#### [Stored dataset items]
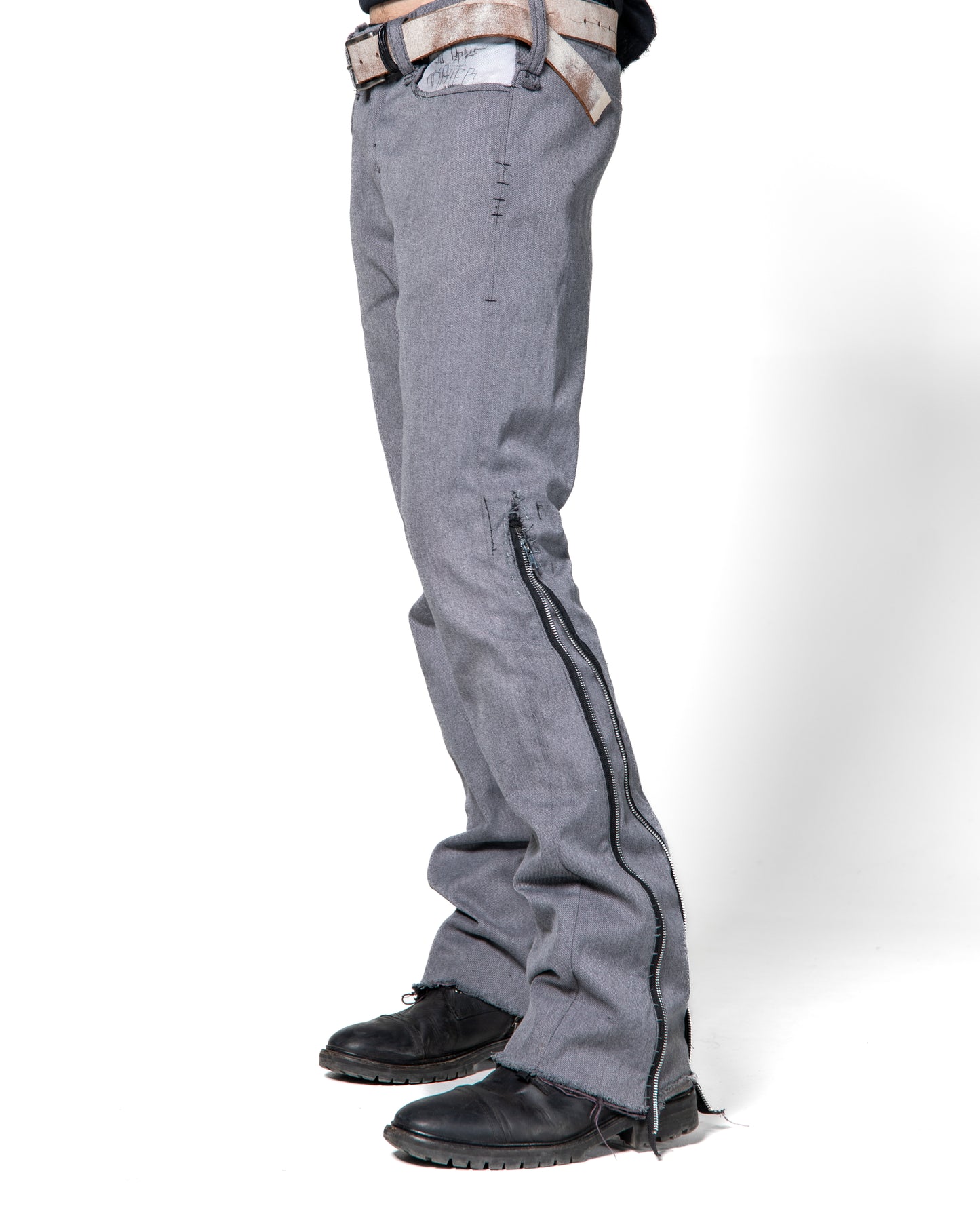 ZIPPER FLARE DENIM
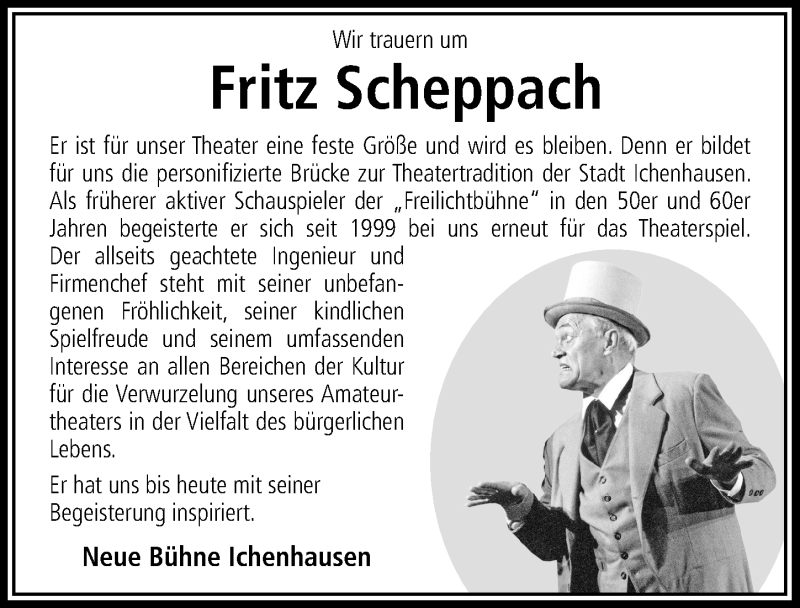 Traueranzeige von Fritz Scheppach von Günzburger Zeitung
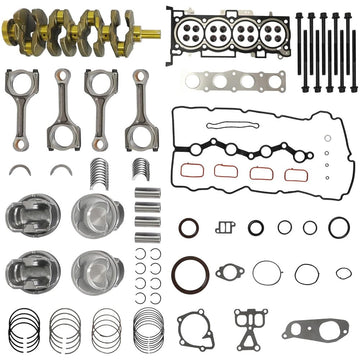 G4KJ 2.4L Engine Rebuild Kit Crankshaft Piston Bearing Head Gasket Set

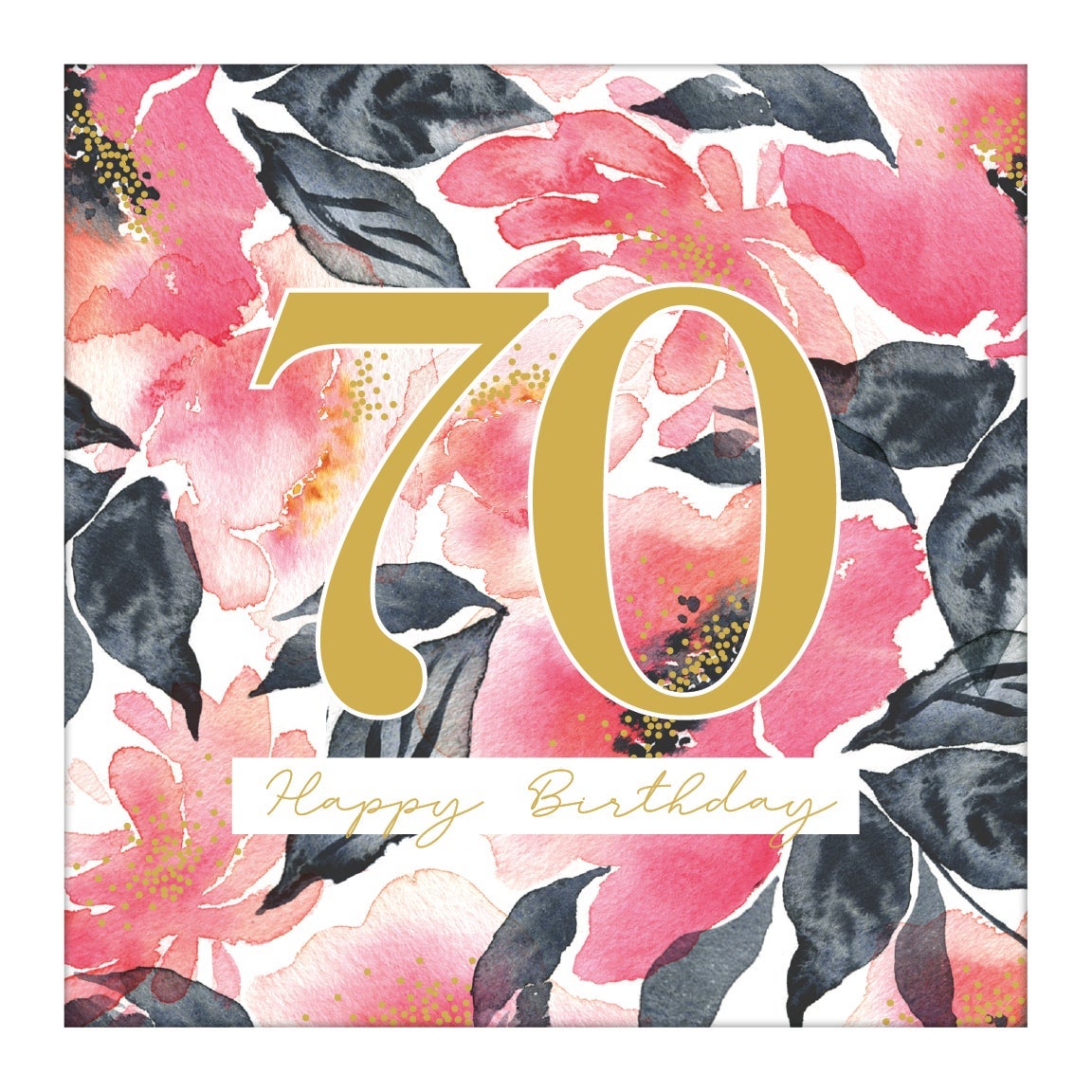 Kort Art File 70 Happy Birthday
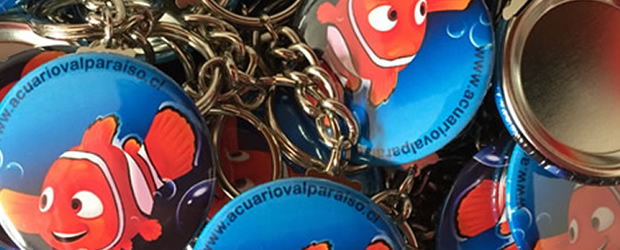Chapitas llavero de Nemo varias Chapitas llavero para el acuario de valparaiso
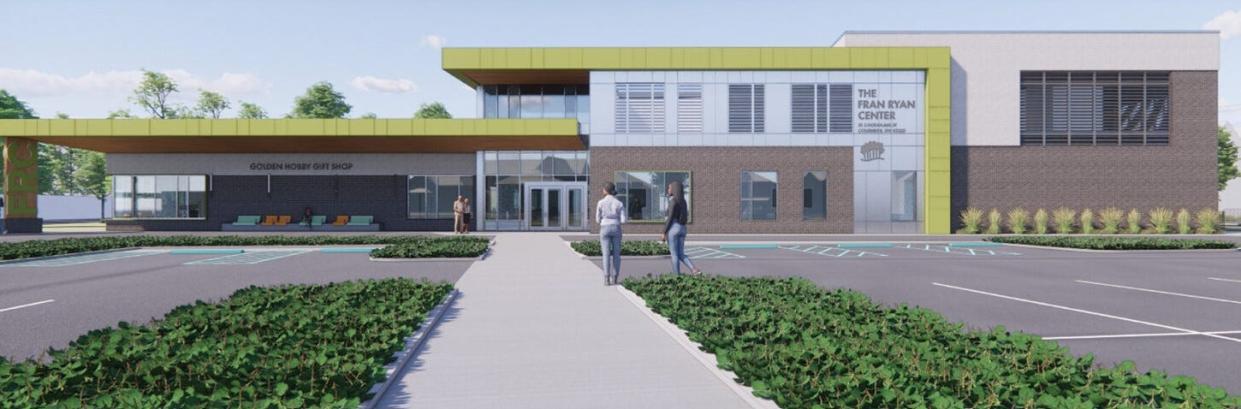 An artist rendering of the planned $23.6-million Fran Ryan Center, a senior community center and park planned on the site of the former Douglass School in Olde Towne East. The facility, named for a former Columbus City Council member, is expected to open late 2024 or spring 2025.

#### [THE PROBLEM]
Set the records down again word for word; the pictures stay out.

#### [WRITTEN ANSWER]
 ZIPPER FLARE DENIM
 Traueranzeige von Fritz Scheppach von Günzburger Zeitung
 G4KJ 2.4L Engine Rebuild Kit Crankshaft Piston Bearing Head Gasket Set

 Kort Art File 70 Happy Birthday
Chapitas llavero de Nemo varias Chapitas llavero para el acuario de valparaiso
 An artist rendering of the planned $23.6-million Fran Ryan Center, a senior community center and park planned on the site of the former Douglass School in Olde Towne East. The facility, named for a former Columbus City Council member, is expected to open late 2024 or spring 2025.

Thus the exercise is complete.